Incidental Emotion as Antecedent of Attribution in Service Failure Context

  • SU, Lei (PI)

    Project: Research project

    Project Details


    Can an emotion elicited by a seemingly unrelated event influence consumer attribution tendencies in the event of a service failure? On September 10, 2012, the Japanese government announced that it had purchased the Senkaku Islands from “private owners,” thus stoking conflict and animosity between Japan and China. The anger of the Chinese people was evident across the country, as they smashed Japanese cars, protested outside the Japanese Embassy, and reacted in anger at any mention of “Japan.” Recent data from the Beijing Consumer Association indicate a significant increase in consumer complaints across various industries in September, with 1605 letters of complaint received in September 2012 compared with only 1129 in August 2012 (source:

    Similarly, the earthquake in eastern Japan, which caused major damage to the Fukushima Nuclear Power Plant, may have had parallel effects on the pattern of consumer attribution. The 9.0 earthquake and ensuing tsunami disabled the reactor’s cooling systems, leading to the leakage of nuclear radiation and the establishment of a 30 km evaluation zone around the plant. Chinese people panicked about the radiation leakage, and many people stocked up on basic supplies in case of future food shortages and safety concerns. We acquired the Beijing Consumer Association complaints data from early 2011. Interestingly, the data show a significant decrease in consumer complaints in the period surrounding the earthquake, with 6741 complaint letters received in February 2011compared with 5390 in April 2011 (source:

    We surmise that the angry emotions evoked by the Senkaku Islands incident increased the tendency of consumers to attribute blame to Japanese companies. However, the fear sparked by the Fukushima Nuclear Power Plant accident is more likely to have reduced the likelihood of consumers attaching blame to companies. If these intuitions are true, they indicate that incidental emotions evoked by an unrelated event influence consumers’ attributions of blame for an observed service failure. We consider that this potential finding may enhance our understanding of consumer reaction to service failure and broaden our knowledge of the role of emotion in the service context. The proposed research will investigate this important topic.
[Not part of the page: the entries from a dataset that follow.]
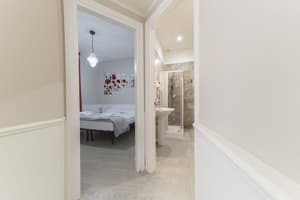 thumbnail: Interior detail
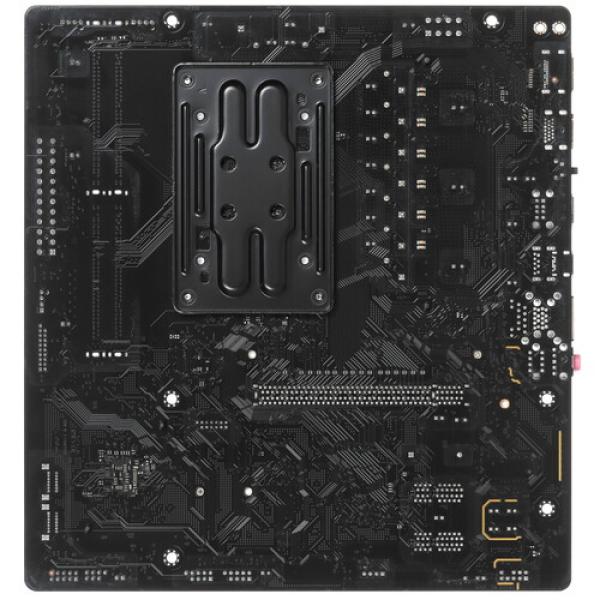 motherboard-asrock-b650m-h-m2-plus-2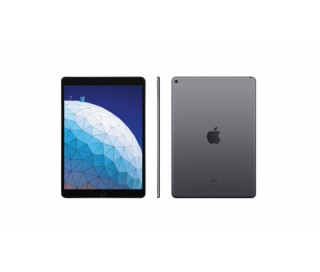 APPLE iPad Air 10,5" Wi-Fi 64GB Asztroszürke Tablet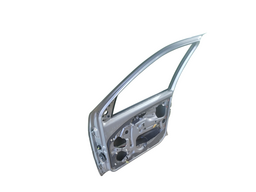 PORTA DIANTEIRA DIREITA PALIO WEEKEND ADVE 2008/2020 C/ FURO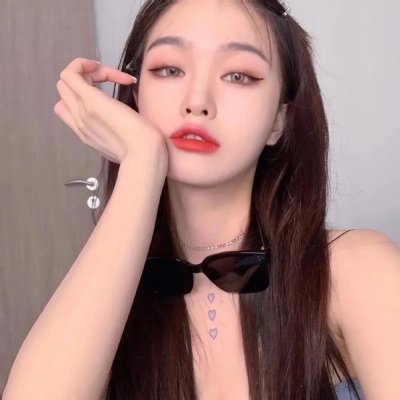 女罗宾汉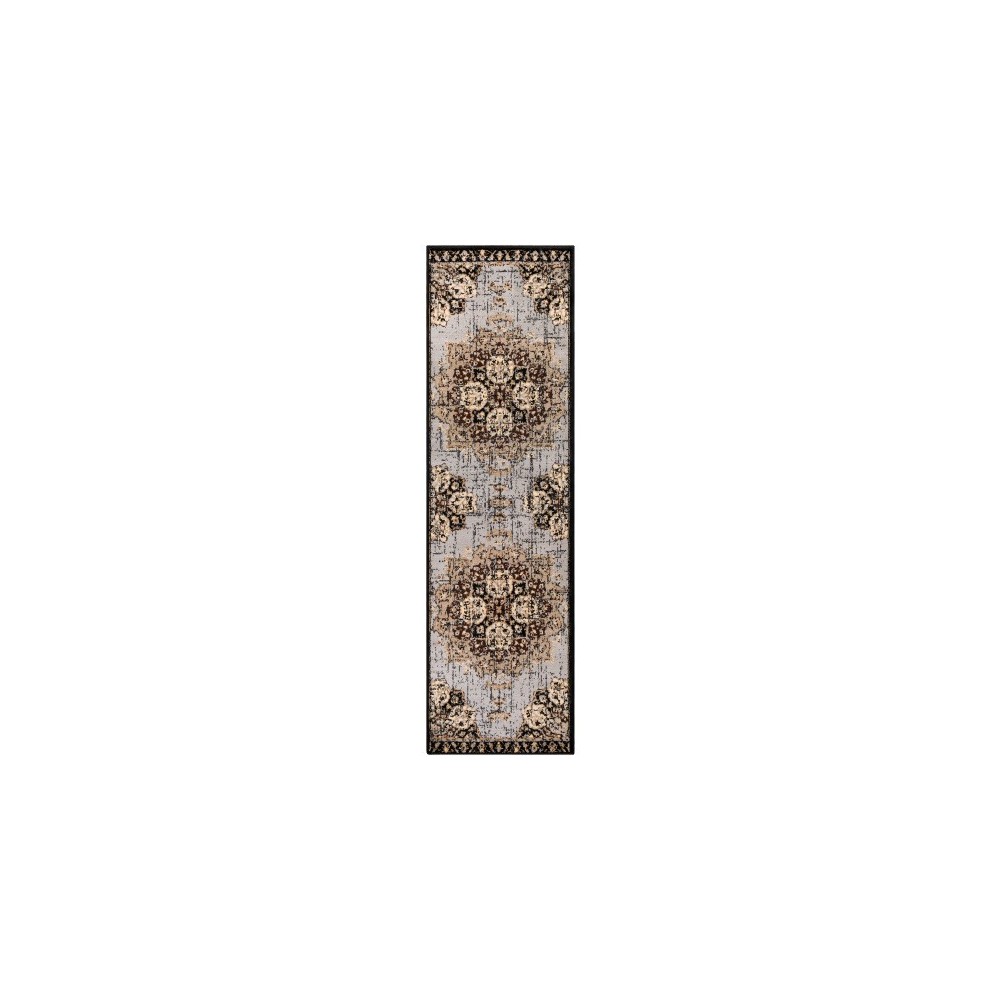 Surya Paramount PAR-1092 5'3" x 7'9" Rug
    According to cognitive appraisal theory, we propose that two common incidental emotions (anger and fear) produce different attribution tendencies. Specifically, an angry observer who witnesses a service failure affecting another consumer is more likely to blame the service provider (i.e., the company), whereas a fearful observer is more likely to blame the suffering consumer (i.e., the consumer who encountered the service failure). Moreover, coping strategies mediate the effects of emotions on attribution tendencies. While real market data provide initial evidence supporting our arguments, we propose five further studies to test our propositions.